Tuesday, 19 January 2010


It seems I kind of forgot to post about Hogmanay...

There's no denying I've had a lot of things going on in the past year that I'm glad to see the back of, if at all possible, so I was quite keen on celebrating Hogmanay. To me it's about renewal, as much as it's a farewell, and I suppose you might say I'm deeply superstitious about some things. Starting the New Year is one of them: I'd like to start on a positive note in the hopes that it carries through for the year, at the least.

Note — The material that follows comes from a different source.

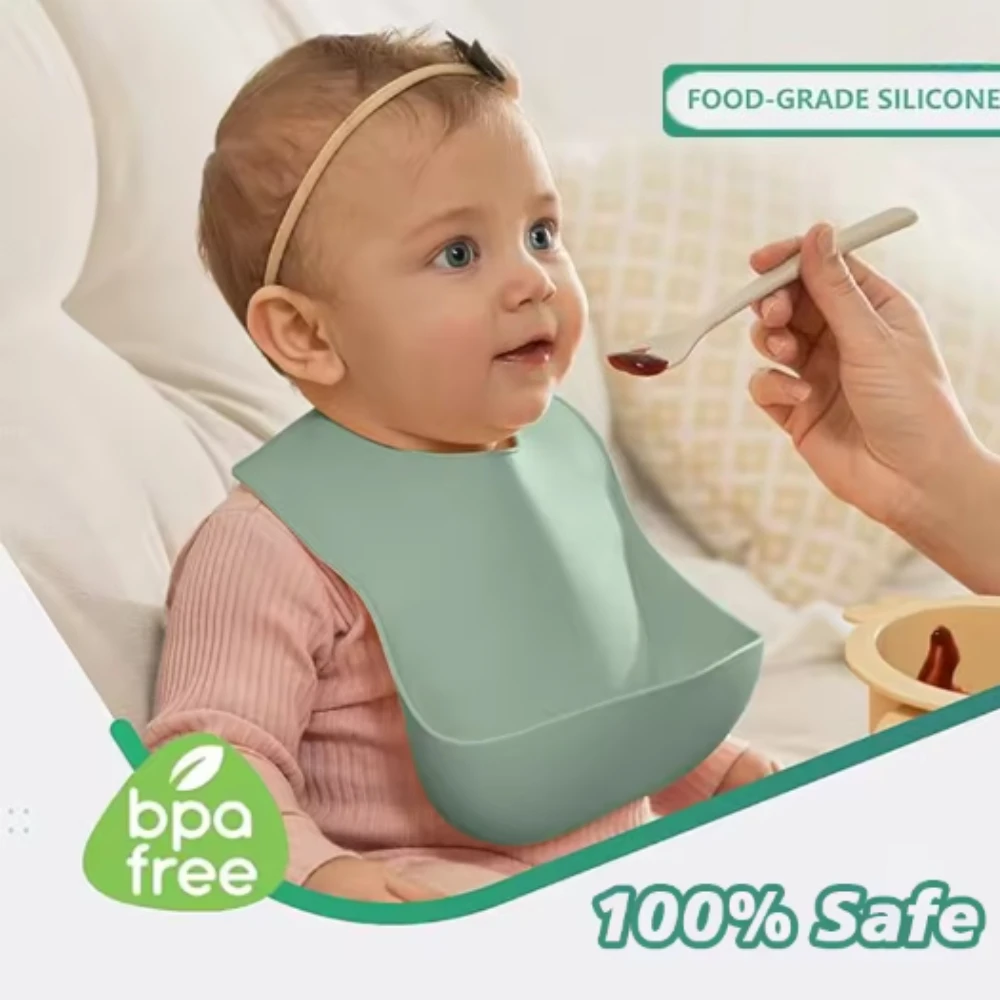 

Silicone Baby Bibs Waterproof Non Slip Soft Durable Four Position Adjustable Newborn Inlet Portable Storage Newborn Supplies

So on the 31st, as the bells approached, Mr Seren and I were together, waiting for the bells. We rang them in with BBC Alba, drank a toast and did the usual, and then I ran outside to see the fireworks. I had some offerings to put out too, so it was good timing, and evidently all the noise had disturbed a bird or two because a crow flew down and perched on the fence right in front of me - some coincidence, I'd say. We looked at each other for a moment, and there was one of those pregnant pauses before the moment broke. It felt like Badb was making herself known and I wondered what that meant (and I've been pondering since). I stayed outside for a bit, but nothing else happened.

I did my devotions, sained the house and everyone in it, and eventually went to bed. I couldn't get comfy though, I had a cold coming on and I was achy and still hyperactive from everything. In the end I got up, without having had more than an hour's broken sleep, and pottered about the house, meditated, and eventually saw the sunrise in. Mr Seren lasted until about 3am - he was trying to stay up too, like he usually does, but he was just too tired and we were going over to the in-laws the next day anyway, so he needed to be fit to drive.

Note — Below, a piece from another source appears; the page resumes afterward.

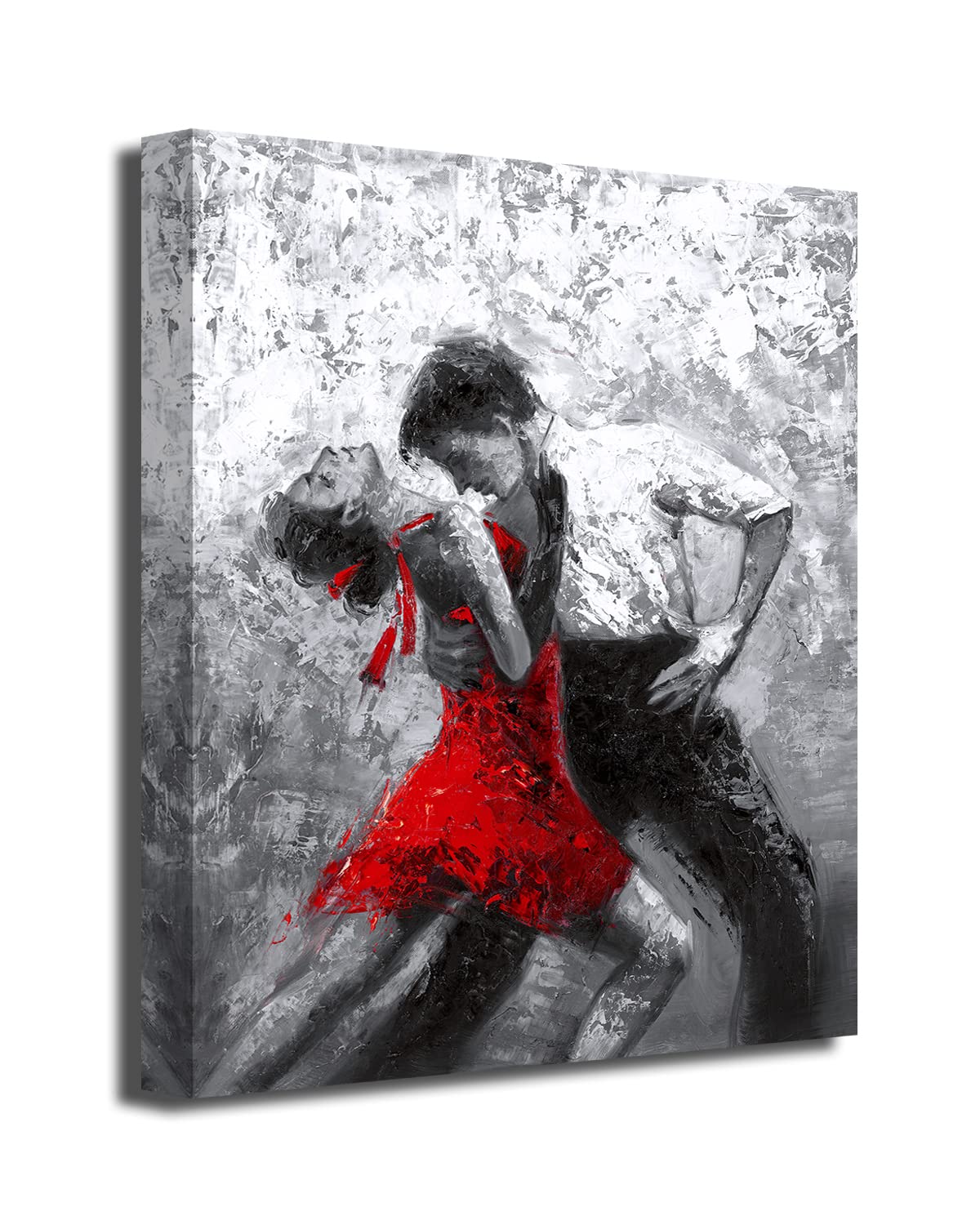Black and White Wall Art Tango Dancer in Red Black Dancing Suits Painting Prints on Canvas with Frame for Bedroom Decor (12Wx16L, Tango 2)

I was hoping to perform the frìth again, but I was in two minds about it. On the one hand I felt that my crow-sighting was a sign enough, but on the other hand I wanted to do it 'properly'. The kids were up before the sun was, though, so in spite of my best efforts it just didn't work. Unless you count being interrupted by Rosie because she wanted help putting her fairy wings on (in which case...fuck). I swear, those things breed in this house. I did see the moon setting, though, which made a nice symmetry to how I started my celebrations the night before - seeing the moon rise, and then the partial eclipse. But all in all it wasn't so much portentous - or as portentous - as just rounding things off a bit.

I managed to grab a catnap or two before we went to the in-laws, with some freshly made Yethol bannocks as a first-footing gift, and we had the obligatory steak pie, lots of chat about the impending wedding, and (for the kids at least) far too many sweeties. It was good fun, even though I was absolutely knackered by the end of it all. Rosie had to have a reassurring cuddle when Doctor Who started regenerating, it was all a bit confusing for her (not least because we were shouting at the TV because it was so overblown...GET ON WITH IT!!!!).

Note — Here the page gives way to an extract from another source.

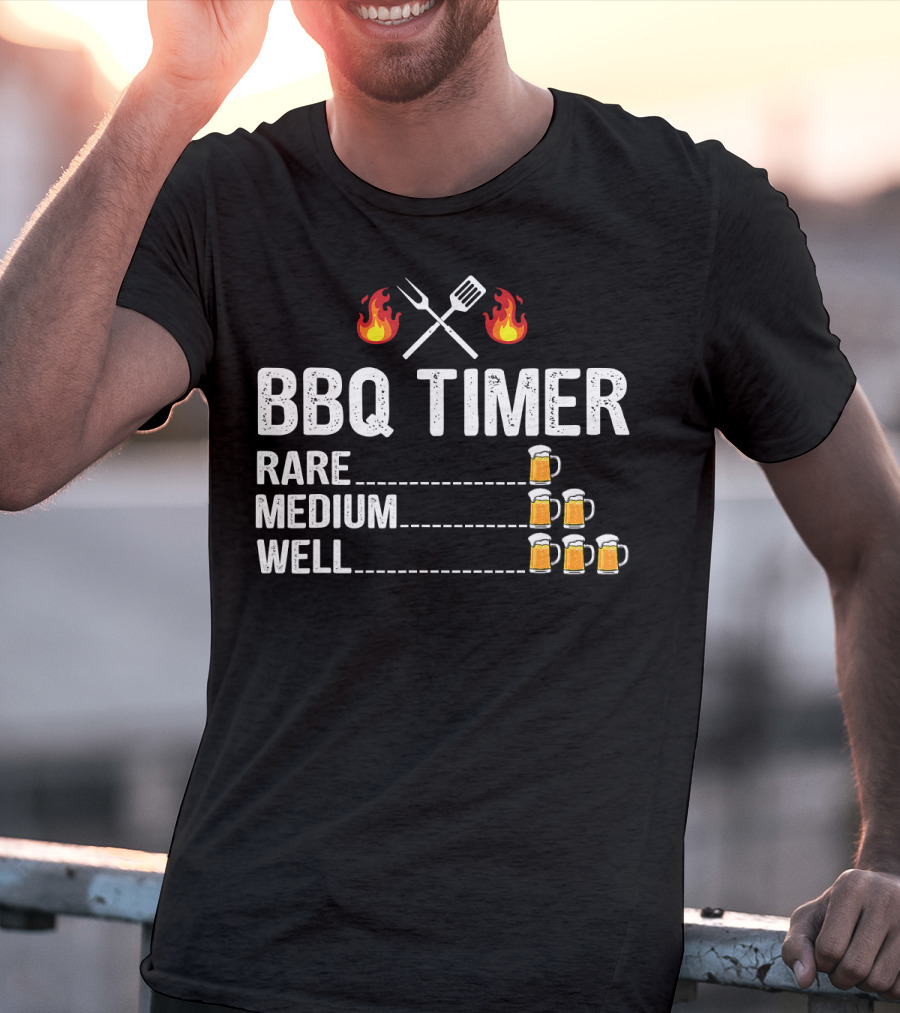 BBQ Timer Rare Medium Well Beer Flames Fork Spatula Mugs T-Shirt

Anyway, seeing as my mother-in-law gave me a surprise windfall, I've spent most of it on some new clothes (that fit, yay!) and so on, but I also allowed myself a little splurge on some books. I got a Gaelic book to help me with my studies, and a book on Irish Food and Folklore (which sounded good, but is mostly disappointing. I tried the recipe for an Irish Curd Cheesecake and as I was working through the instructions, realised the author had neglected to mention when the cottage cheese was supposed to be added. It's the main bloody ingredient! Not hard to figure out, though, but shoddy work. The folklore was thoroughly lacking, superficial, and poorly researched for the most part, too). I also got two books on Scottish fairies - academic books, so I was bit more confident that they'd be good and meaty, and happily it seems I'm right. The first is Scottish Fairy Belief by Lizanne Henderson and Edward Cowan, which is kind of an introduction to the subject, and the second is Fantastical Imaginations: The Supernatural in Scottish History and Culture by Lizanne Henderson (edited by, anyway), which is a collection of essays on the subject. I'm nearly finished with the first and was pleased to find something that comes with good timing:

"The most interesting name of all, used to specifically denote the queen of the fairies, is NicNiven or Neven, which appears to derive from Neamhain, one of the Gaelic and Irish war furies better known as Badb. The matter is complex since Neamhain and Badb may represent different aspects of the same persona, but badhb in some Irish dialects is the word for the supernatural death messenger more familiarly known in Ireland and Scotland as the banshee, bean-sithe literally 'fairy-woman' in Gaelic. Badhb also means a hoodie-crow and carries the sense of 'deadly' or 'ill-fated'; it can also translate as 'witch', which is apposite since Scotland NicNiven was also queen of the witches. This intriguing name therefore, originated in the Gàidhealtachd whence it was imported into the Lowlands and even found its way to Shetland. W. B. Yeats was therefore incorrect when he stated that 'the gentle fairy presences' which haunted the imagination of his countrymen became 'formidable and evil as soon as they were transferred to Scottish soil', since this truly terrifying death messenger seems to be shared by both Ireland and Scotland while her associations give some indication of how the Scots regarded the fairy queen."

So lots for me to ponder, I think. I have to say, I'm really enjoying Scottish Fairy Belief, which is always happy-making.